Intrinsic and Extrinsic Value of Options
One of the most important factors to remember with options is that they expire at some date in the future. Options premium is made up of two types of values: intrinsic and extrinsic. Intrinsic value is what value of the option has real value at expiration and extrinsic value is the extra time premium associated with an option based on how many days are left until it expires. This time value component is determined by the market or what it expects the stock to do in the given time period. The expected move range is calculated by implied volatility and is part of how extrinsic value is determined. But simply put the more time till expiration remaining the higher the extrinsic value will be. The higher that implied volatility is in the stock, then the higher extrinsic value will be as well.
If TSLA is trading at $750 and the one month call option at the $740 strike price is priced at $30, that means the option contract has 10 dollars of intrinsic value. The amount it would be worth if today was the expiration date. If a stock price is ABOVE the call option strike price it has some kind of intrinsic value and is known as being “in-the-money”. But if the stock price of TSLA falls below that 740 strike price, the option has only extrinsic value to it because outside of the time value of the option, it would be worth zero at expiration if below the call option strike price. This is also known as being “out-of-the-money”.
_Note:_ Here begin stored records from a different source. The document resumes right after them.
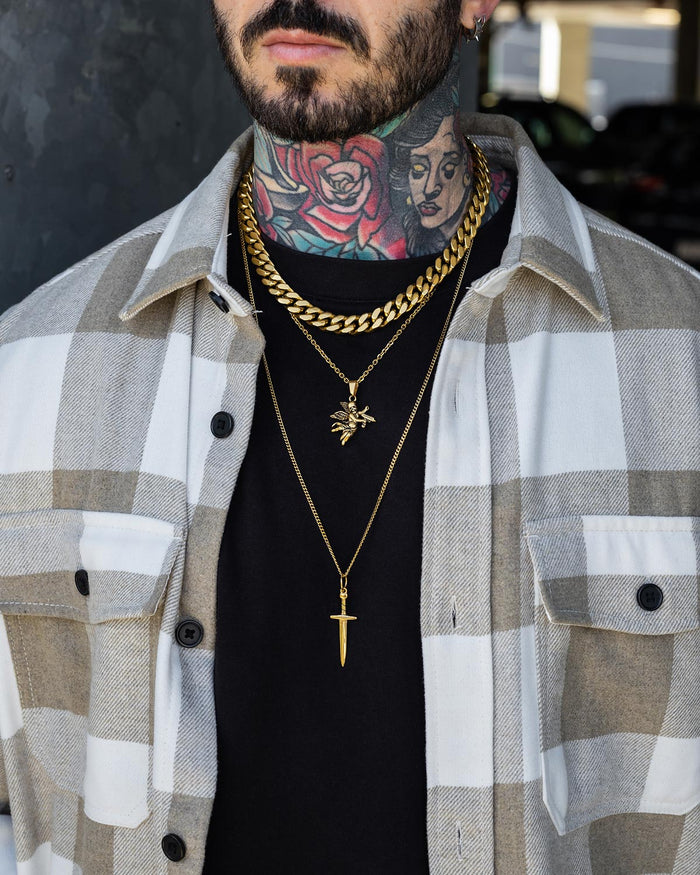 Wearing a black shirt layered under a beige plaid overshirt, a person with neck tattoos showcases the Statement Collective Angel & Dagger Set (Gold)—a bold necklace stack featuring layered gold chains, including a thick Cuban link, an angel pendant, and a sword pendant.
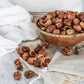 Bowl of organic soap nuts from Pure Indian Foods with a muslin bag for laundry.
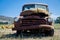 Ancient rusted truck in the farm field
Option premium = $30.00 minus $10.00 (intrinsic value) = $20.00 of Extrinsic value
If TSLA is trading at $750 and the one month call option at the $760 strike price is priced at $20 that means all of its value is extrinsic time value and it is out-of-the-money because the stock price is below the strike price. The market is pricing in a certain probability that it may go higher by the expiration date otherwise it would not still be holding a premium. The option being out-of-the-money makes it cheaper but also with that comes a lower odds of being profitable if purchased. Theoretically, if an options price is made up of solely extrinsic value it needs the stock to move in that direction to increase in value or even offset the daily time decay of the option, or theta. Extrinsic value is also made up of implied volatility or what the market is pricing in as an expected volatility or range within the given time period. A stock with an Implied volatility of 70% is going to have higher priced options and daily volatility than a stock with an IV of just 30%.
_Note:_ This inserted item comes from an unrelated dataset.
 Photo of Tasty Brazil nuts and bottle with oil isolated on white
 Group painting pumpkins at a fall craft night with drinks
In-the-Money and Out-of-the-Money
ITM and OTM stands for whether a stock option is In-the-money or out-of-the-money. This is just an easy way to say whether the option has real intrinsic value or just based only on extrinsic value. ITM options have higher delta’s and generally will move more closely based on the underlying stock movement but an OTM option will have delta’s less than 50 and be more subject to multiple factors controlling its price like implied volatility and time value till expiration. If an option is at-the-money or ATM, that simply means its strike price is right near the current stock price and generally carries a delta near 50. If I buy an ATM call option with a 50 delta, and the stock price rises, you become more long that stock as it rallies since the delta will increase as the option becomes more deep in the money or DITM. Conversely if I am selling a cash secured put that is OTM and the stock rallies, that put becomes less valuable and erodes closer to zero as expiration nears. While this happens the delta decreases as the stock continues higher so the exposure to the stock price movement decreases together. As you can tell the holder of a long option usually benefits most when an option goes ITM while the seller of an option will benefit most when the option stays OTM.
- Options premium is made up of two types of values: intrinsic and extrinsic.
- ITM options represent intrinsic real value and can be exercised
- OTM options only carry extrinsic value based on time until expiration.
- In general if you have long options you want them to go in-the-money (ITM) and if short options you prefer to have them stay out-of-the-money (OTM) and expire worthless.